Right on the heels of the whole Mel Gibson fiasco, we have a show that glorifies the Melibu lifestyle... I mean, just look at the opening clip, "Welcome to Malibu, full of celebrities," bleets the bloated, tired-looking woman, only half-looking at her client, as she pulls her cell-phone hands-free device free from her ear... with her hands. (Not so hands-free, I guess.)

But this isn't my beef -- there will always be morons on TV; there are just too many stations on-air to avoid this. No, my problem with this show is that it offers nothing new, or of value. Yes, shows like Project Runway may not make for a M.E.N.S.A.-style discussion, but at least I can say I've learned a little bit more about the world of fashion. (Plus, any show with Nina Garcia deserves a place on TV: you go, sister-woman-girlfriend!)

With Million Dollar Listing, all we're left with is a the same ol' garbage! Another choice cut from the show's preview offers a montage of childish tantrum-throwing agents. Why reward this behavior? Why glorify it? Who, in any state of lucid, alert mental activity would justify it by showing off the price-tag of these homes? President Bush always says terrorists hate us for our freedom, but I think they hate us for shows like this.

Monday, August 28

HEY, YAAAAH

I wanted to take a moment out to praise the new film, Idlewild, from the guys in Outkast. I've been reading a number of press sources, all dumping on the film, and it kind of ticked me off. I mean , what do a bunch of old, white men know about what's hip anyway?

The film is smart, sexy and brings the entire genre of musicals into a new era. It sings, dances, dazzles... and just delivers. I highly suggest this film to anyone who knows what cool is, or just wants to know.

The only negative thing I have to say is that the seats weren't that comfortable, and that had nothing to do with the actual film. It was an A+ effort from all involved, so go see it.

Tuesday, August 22

SHIRLEY BASSEY: BEYOND THUNDERDOME!

OK, so this isn't my best Photoshop work, but I just had to do it! I just discovered a new Shirley Bassey album on a site I frequent, and it features a totally taste-free, typical Shirley Bassey moment: a cover of Tina Turner's "We Don't Need Another Hero (Thunderdome)," and Ms. Bassey turns in her usual over-the-top, lounge-diva performance... and I am in love!

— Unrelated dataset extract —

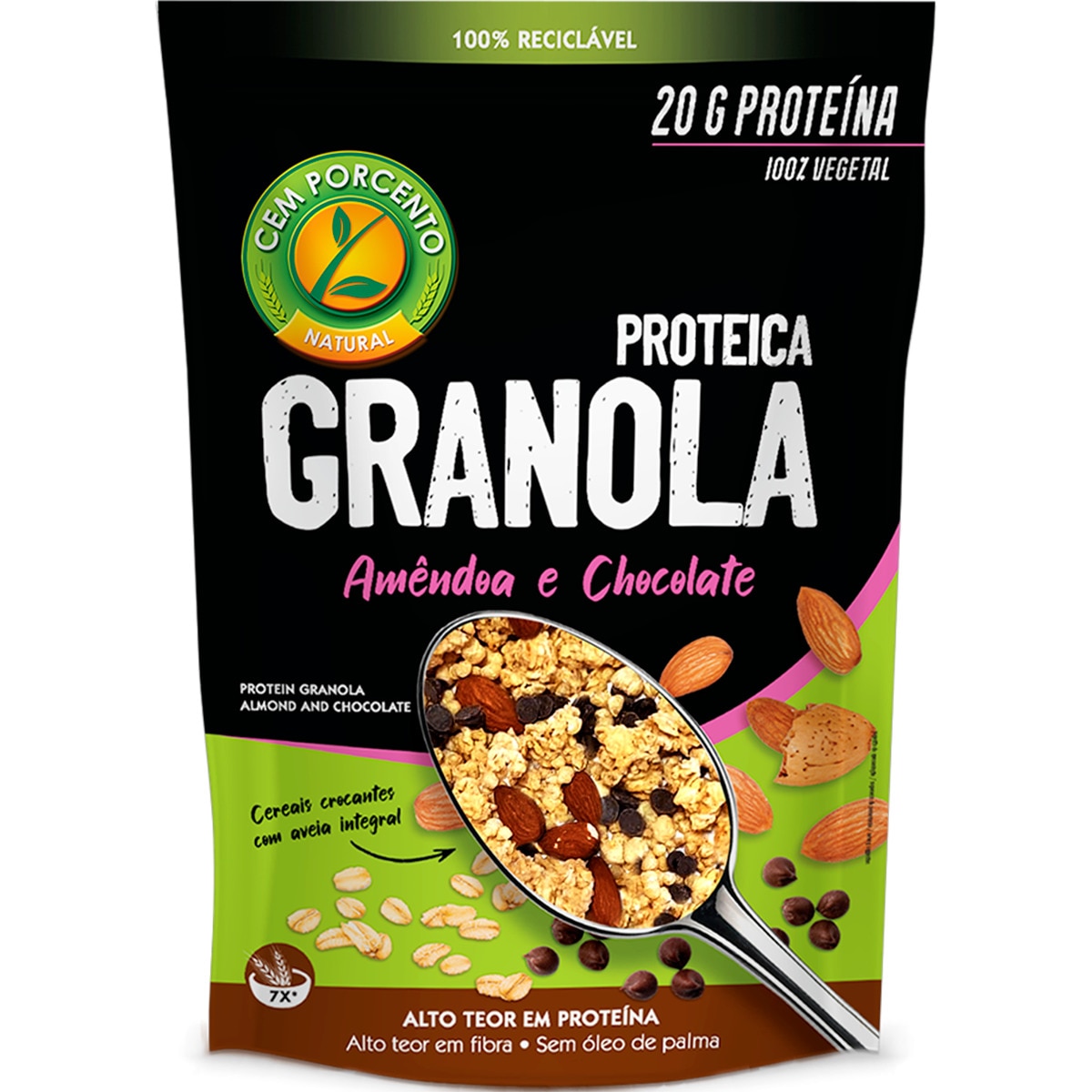 Granola Proteica de Amêndoa e Chocolate embalagem 300 g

Yes, the original is a great tune, but c'mon... nobody covers a tune like Ms. Bassey.

(If you go to the site, you can download a 30-second preview of the track, and see what I mean!)

IN SMURFLAND, THERE'S A BREWERY...

Ah, yes... those are the opening lyrics to, Smurfing Beer, by Father Abraham & The Smurfs. No, I'm not crazy (OK, well... maybe I am), but I'm not making this up.

Back
when I still lived in WeHo, my roommate had a thing for thrift shopping. And not always the good kind, either. We'd troll the thrift stores in Ventura, schlepp to the second-hand stores on Fairfax, south of Wilshire (such an area you should live in, boichik), and sometimes, we'd actually find cool stuff.

Other times, well... we'd find things like Father Abraham In Smurfland, on the original vinyl. I don't know what ever became of that album — I did manage to sample the first 30 seconds of said Smurf drinking song, for my DJ Tools collection — but I've always wondered where on earth this concept came from.

With a little help from the internet, I found out. No, I'm not going to tell you! It was really hard to track down the origins of this record (but not so hard to find some artwork, as you can see). And I think everyone should Google the term, "Smurfs" along with a good, Hebrew name, and see what wonders the world wide web has to offer.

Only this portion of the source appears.